Aggregating
Bluge supports a powerful framework for computing aggregated values over the set of DocumentMatches
.
Terminology
In Bluge, the aggregation framework relies heavily on two concepts Buckets
and Metrics
.
A Bucket
is simply a set of documents matching some criteria.
A Metric
is some value (or set of values) computed over a Bucket
.
There is one implicit bucket defined, which is the entire result set of your search.
Some aggregations (which we refer to as bucketing aggregations) define new sub-buckets inside this top-level bucket. These sub-buckets could either be staticly defined at search time, or dynamically defined based on the data.
Other aggregations (which we refer to as metric aggregations) compute values on buckets.
Bucketing Aggregations
Terms Aggregation
The terms aggregation typically operates on field data. Each term seen becomes it’s own bucket, and by default the count metric is applied to each bucket. Finally, at the conclusion of the search, these buckets are sorted by their counts descending, and the top N buckets are returned as part of the result.
For example, consider a set documents describing products. Each product has a keyword field named category
, indexed with the aggregatable option. When a user searches the products, we can compute a terms aggregation on the category
field, and display to the user the top 5 categories within their search results, and a count of how many products were in each category. This is often used as a way for users to drill deeper into the results, by refining their search filter interactively.
Numeric Range Aggregation
The numeric range aggregation also typically operates on field data. A query time a set of buckets is statically defined, which describe interesting numeric ranges. The aggregation by default includes the count metric, keeping track of how many documents had a numeric field value within the range.
Date Range Aggregation
The date range aggregation also typically operates on field data. A query time a set of buckets is statically defined, which describe interesting date ranges. The aggregation by default includes the count metric, keeping track of how many documents had a date time field value within the range.
Metric Aggregations
Basic
The following basic single-value metrics are supported:
- sum
- min
- max
- avg
- weighted avg
Special
A few special case aggregations are supported:
- count (sum of 1 per document)
- duration (time.Duration computed since the start of the search)
Cardinality Estimation
The cardinality estimation metric can be used to count the number of distinct values seen, in a memory efficient way.
Quantile Approximation
The quantil approximation metric can be used to approximate quantiles in a memory efficient way.
Nesting
Buckets and Metrics can be nested in arbitrary and powerful ways.

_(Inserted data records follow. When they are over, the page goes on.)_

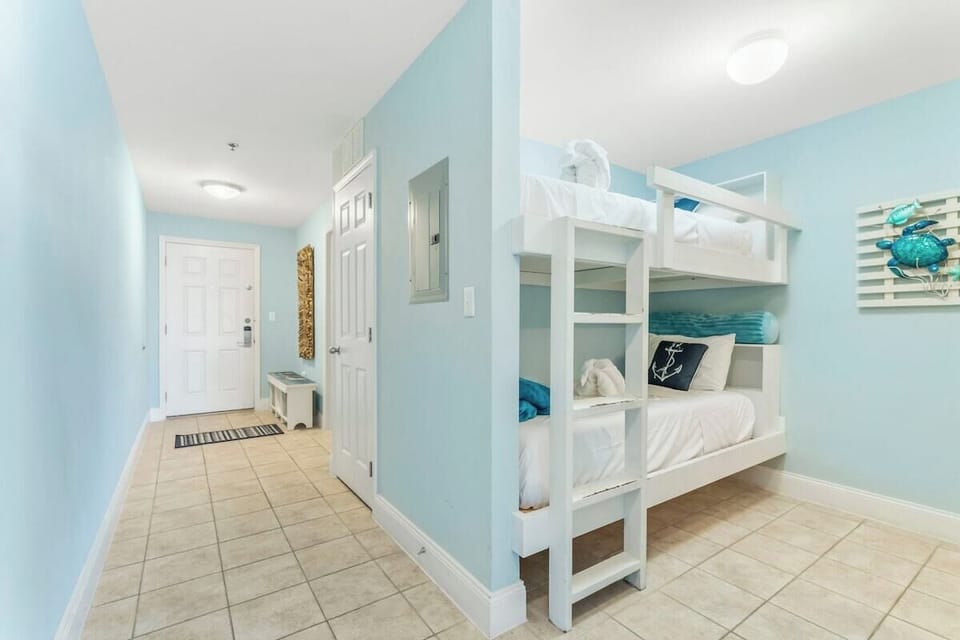 Twin bunkbeds
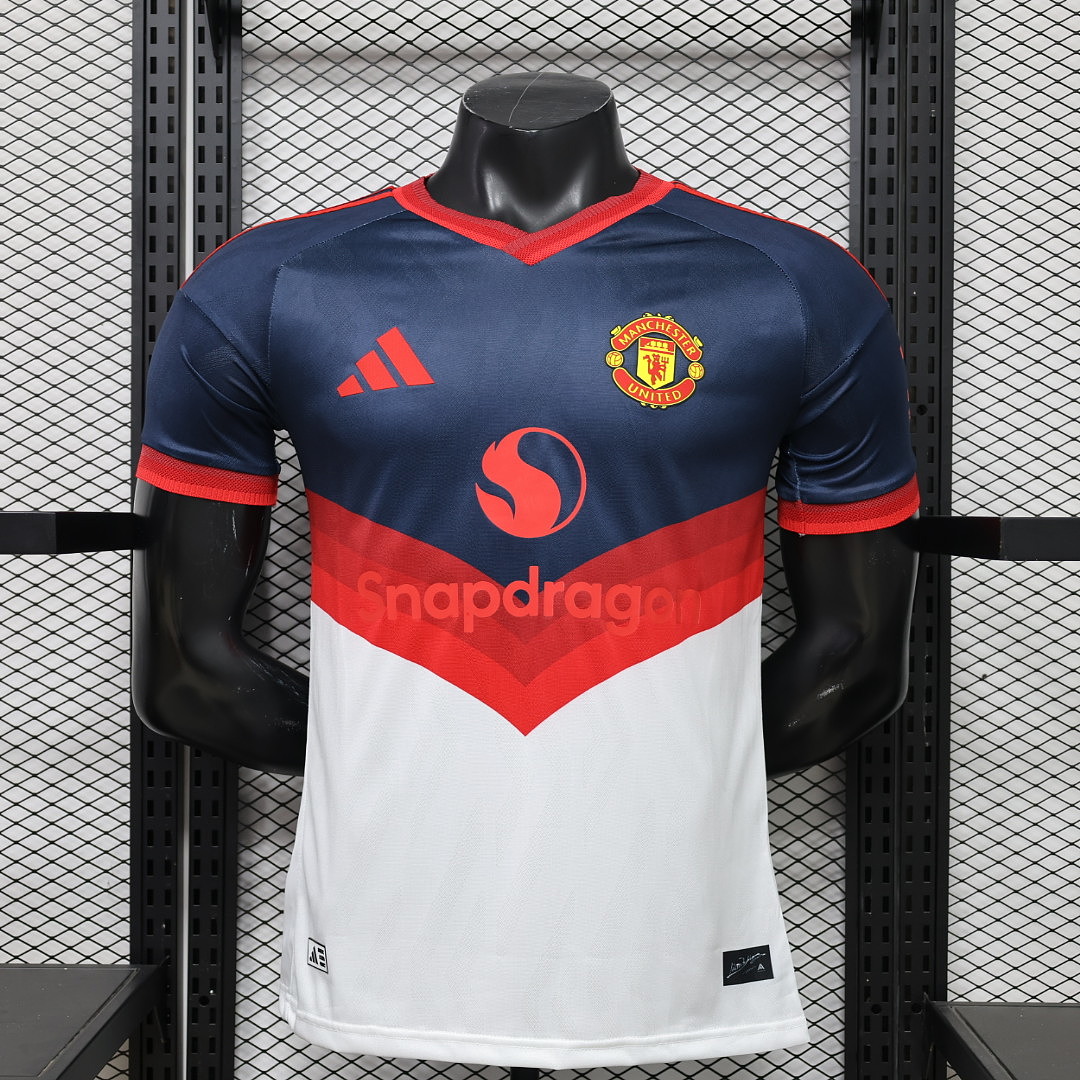 Manchester United Retro Jersey — photo 1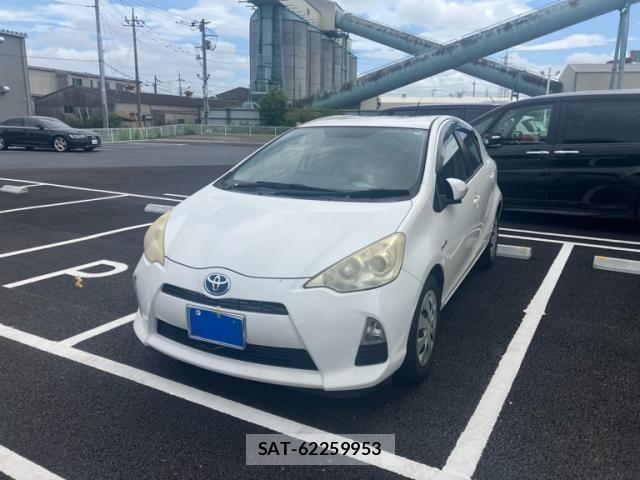 Toyota AQUA 2013-08 8878695-2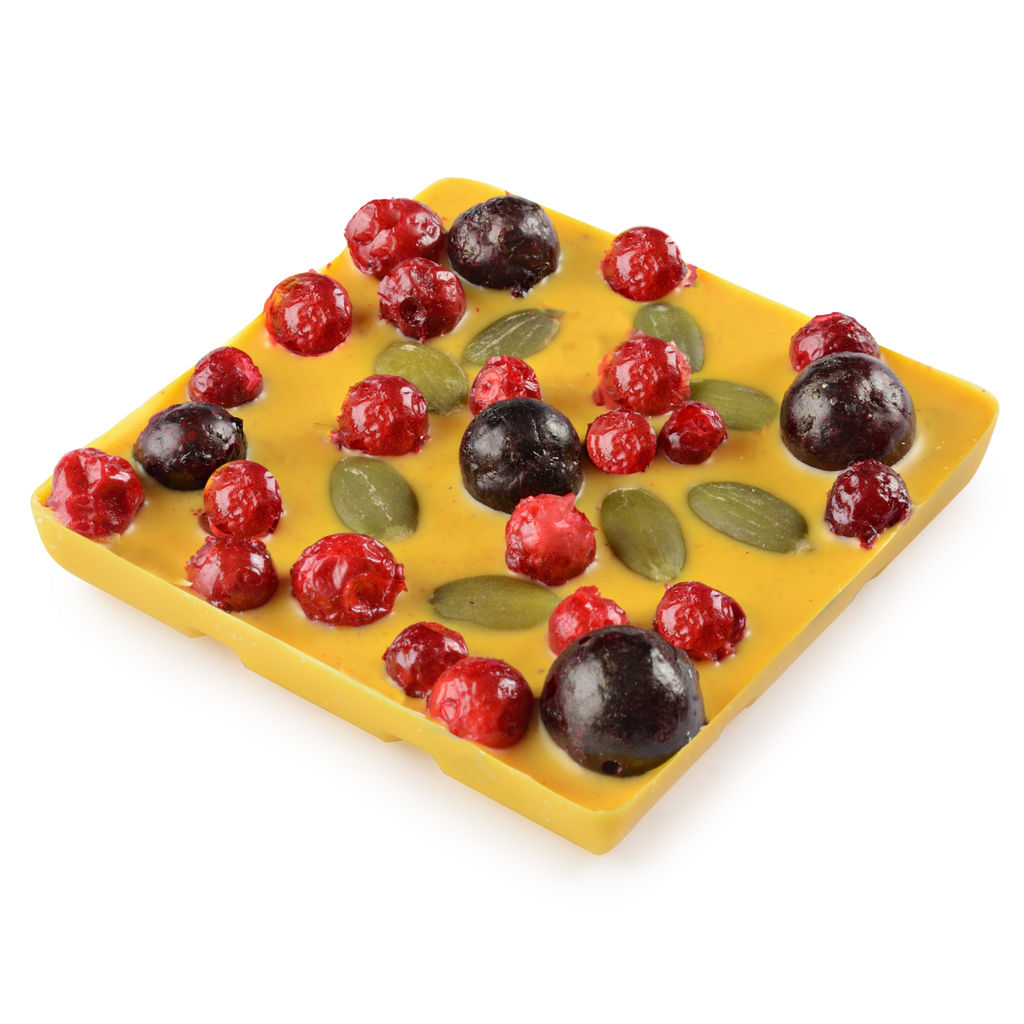 Шоколад белый с украшением Облепиха и брусника 35 гр - Chokodelika фото 3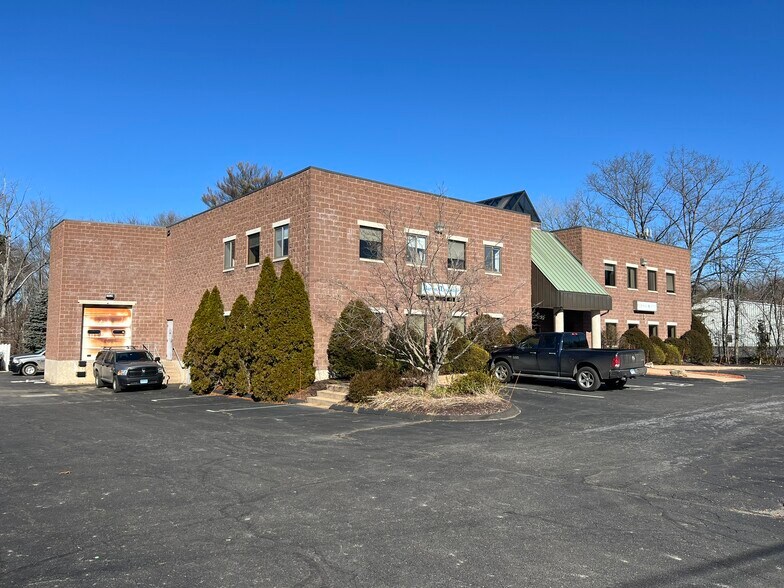 41 Sequin Dr, Glastonbury, CT à vendre - Photo du bâtiment - Image 2 de 12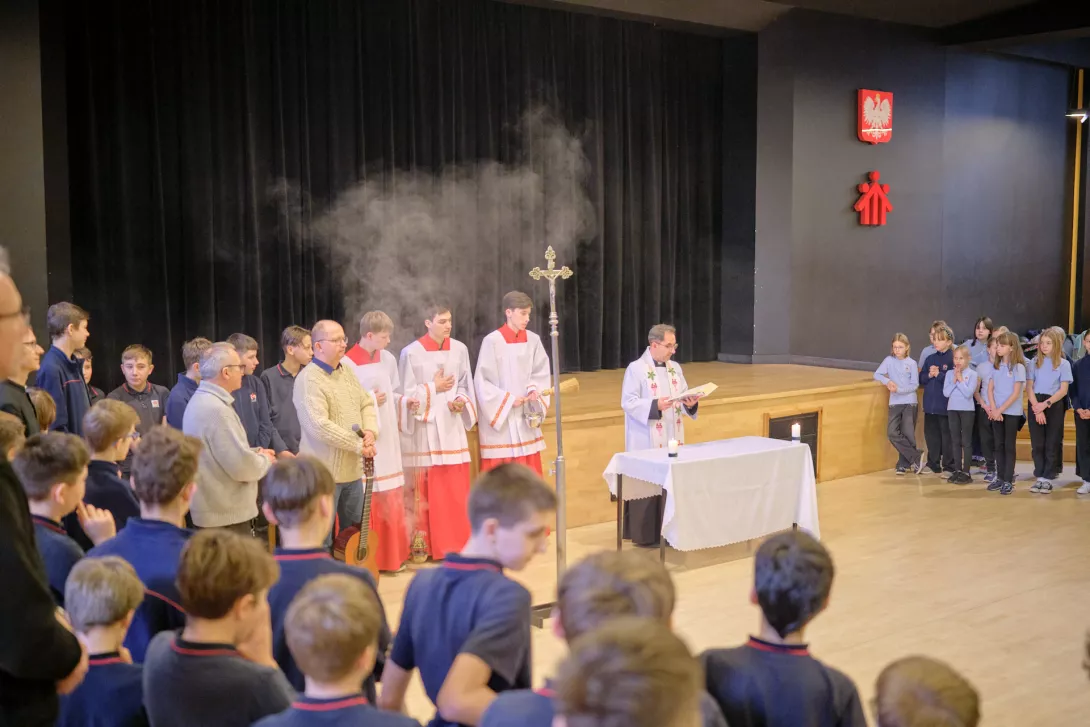 Ks. Dyrektor w asyście ministrantów prowadzi szkolną kolędę podczas Słówka w SSP (fot. Bartosz Żak)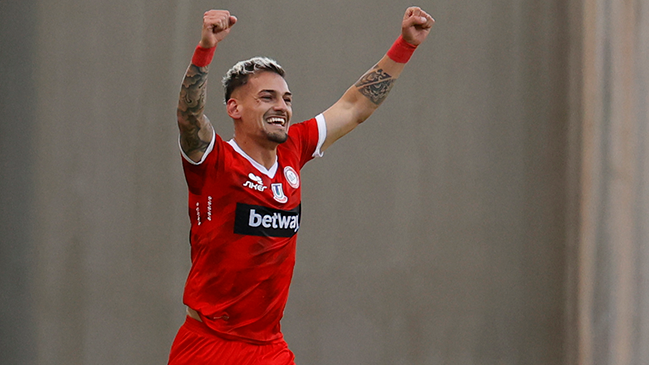 Matías Cavalleri aumentó la ventaja de U. La Calera sobre U. Católica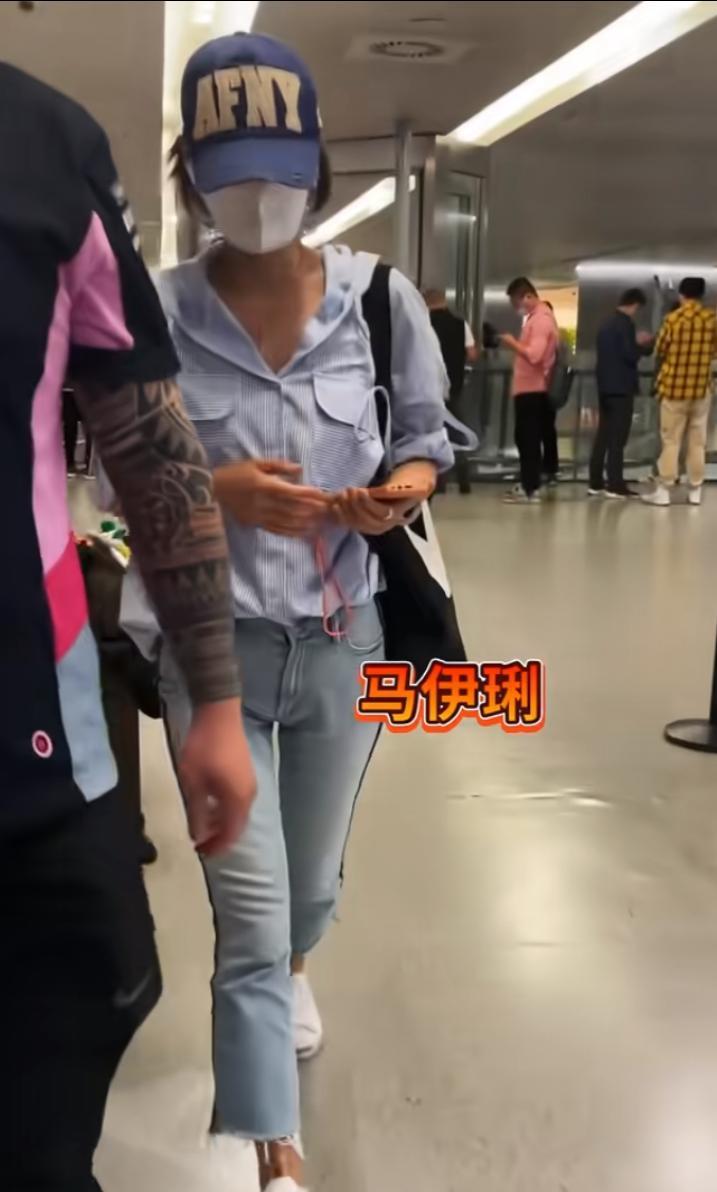 马伊琍，总感觉她的审美还停留在20年前。
这么多年，衣品好像没变过，每次穿衣都一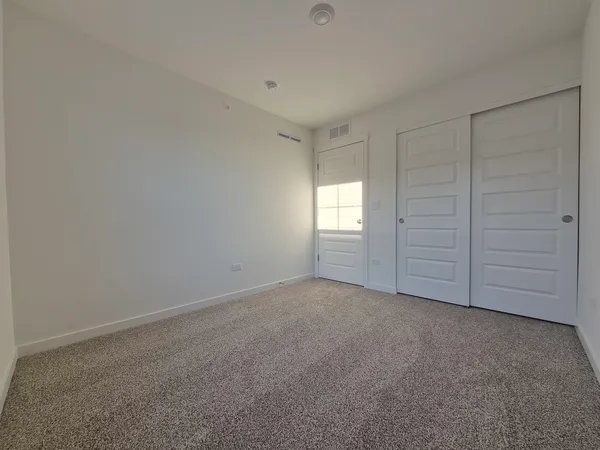 $2,600 | 2268 Barbera Drive, Unit 2268, Oswego, IL 60543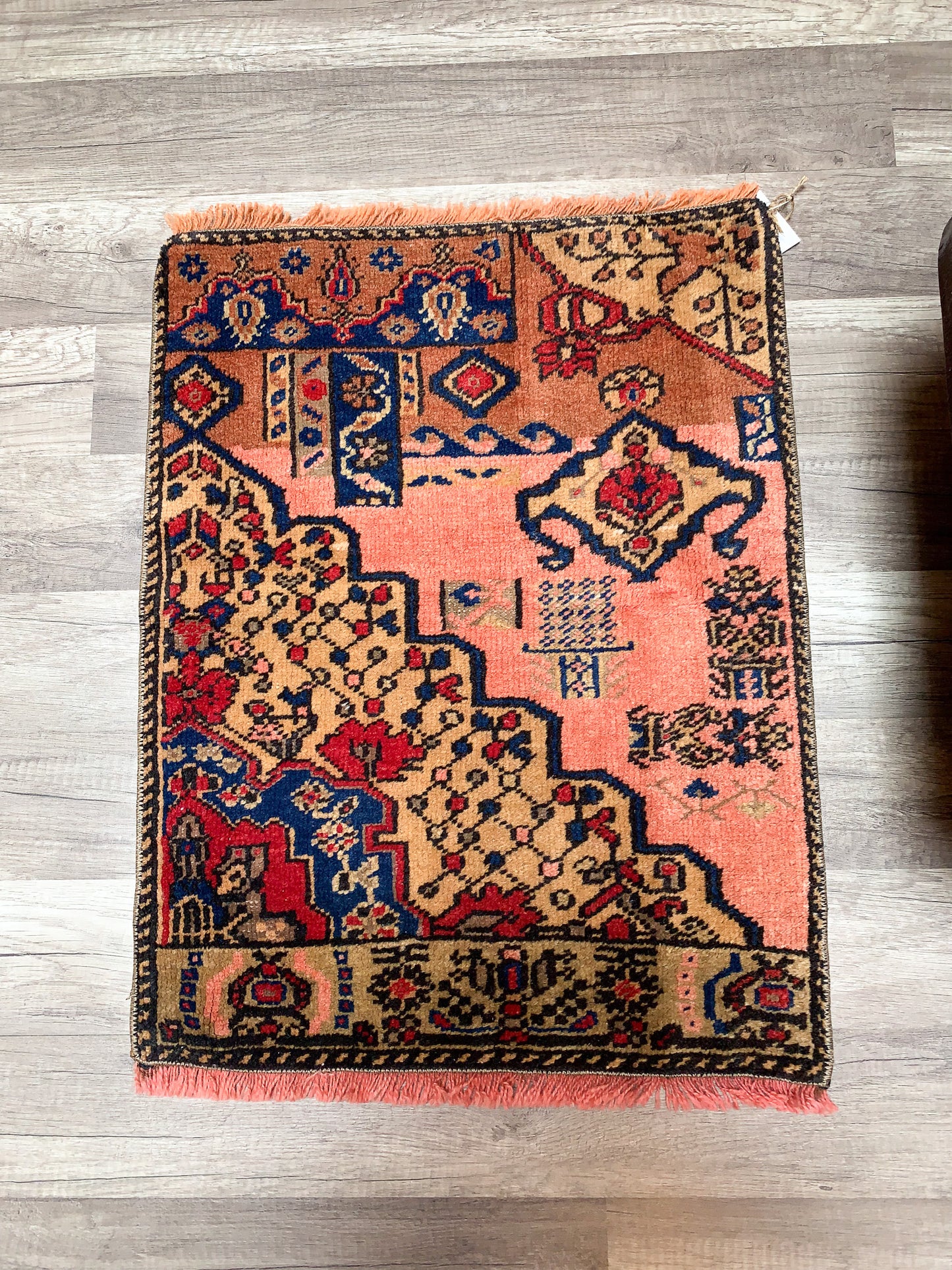 Vintage Turkish Mini Rug 1.5'x2.1' - No. 658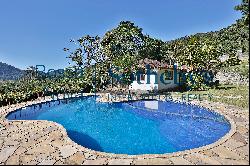 House on top of a hill in Teresopolis with a view of Dedo de Deus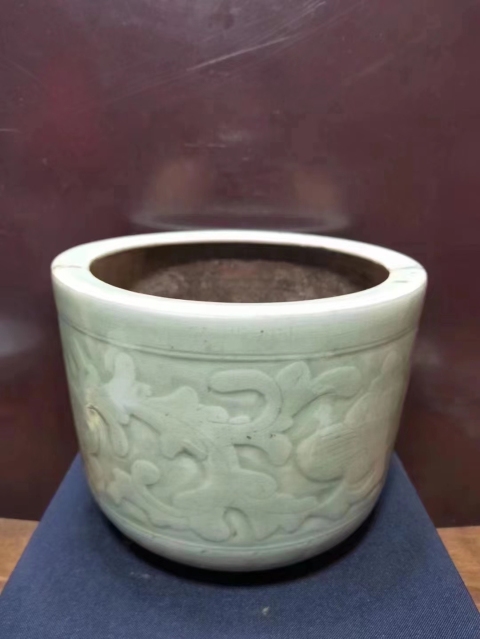 古玩陶瓷清代.龍泉筒式爐拍賣(mài)，當(dāng)前價(jià)格900元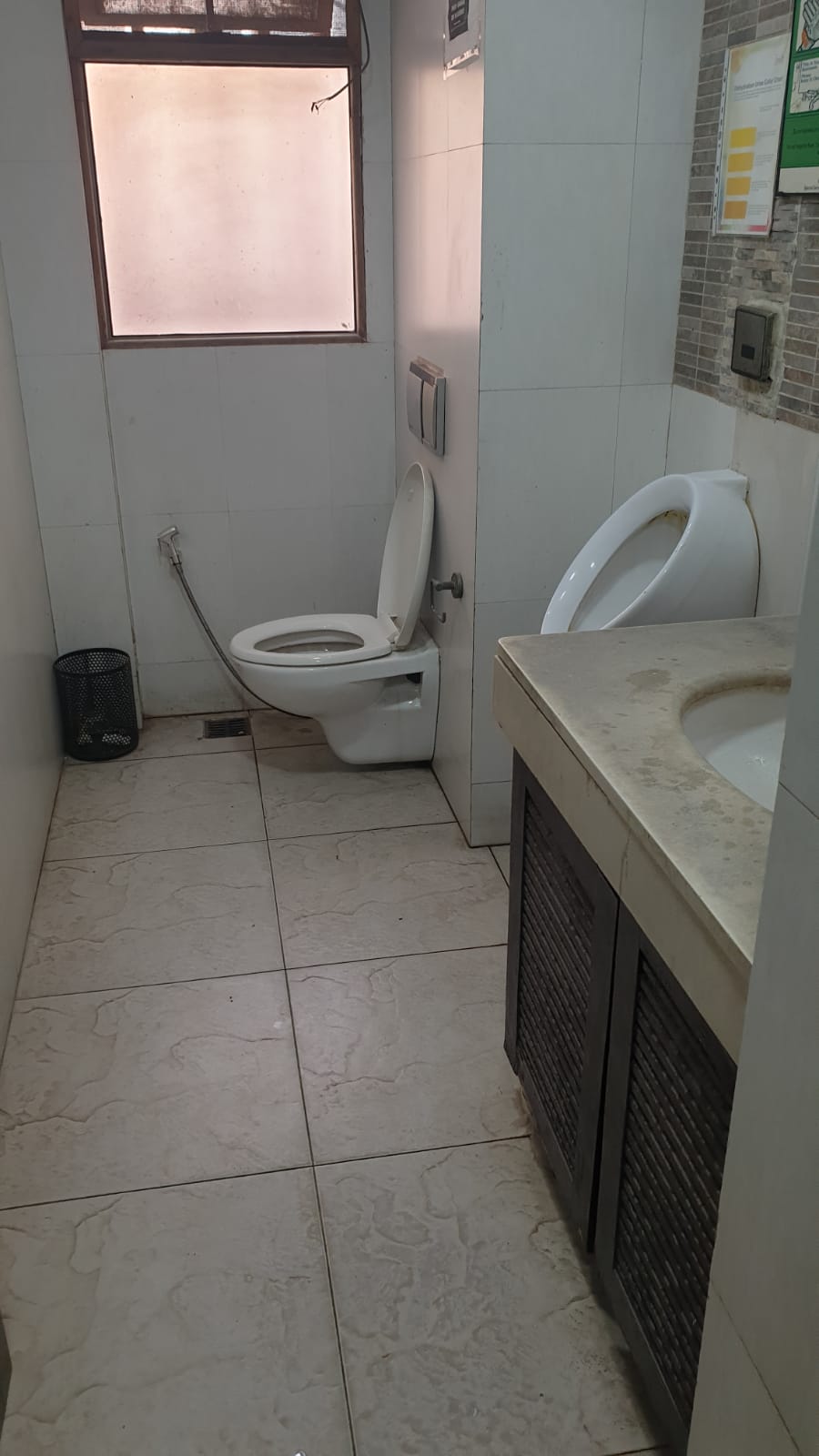 22000 FT FULLY FURNISHED OFFICE AVAILABLE FOR RENT IN NOIDA - Photo 5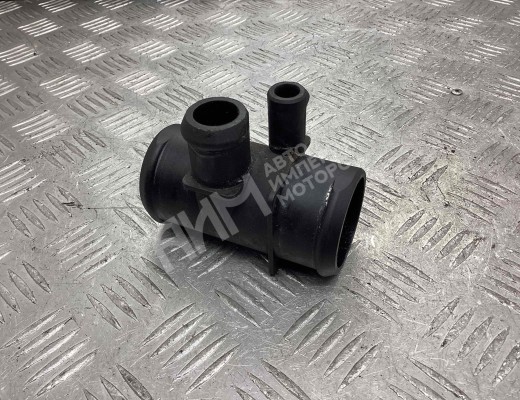 Фланец (тройник) системы охлаждения Mercedes Vario (W670) 1996-2013  Mercedes Vario Vario (W670) 1996-2013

For example, imagine we have a set of documents describing beers. Each beer has a field named style
describing the style (lager, ale, lambic, etc). Each beer also has a numeric field named abv
describing the beer’s alcohol by volume. One could run a MatchAll
query across the beers, compute a Terms Aggregation
on the style
field, and then nest the Quantile Approximation
metric inside each of those buckets. The result would be that we could report the median (50th) and 99th percentile ABV for each different style of beer.
Custom Sources
All the aggregations discussed thus far operate on extendable interfaces, not directly on field values.
This allows aggregations to work on custom values computed by your application, which can themselves use field value as inputs.
It also allows for filtering out undesirable values, or replacing missing values with alternates.
Extending the Framework
The core Aggregation
and Calculator
types used to define all of this functionality are exposed as interfaces, allowing your application the full power to define their own behavior.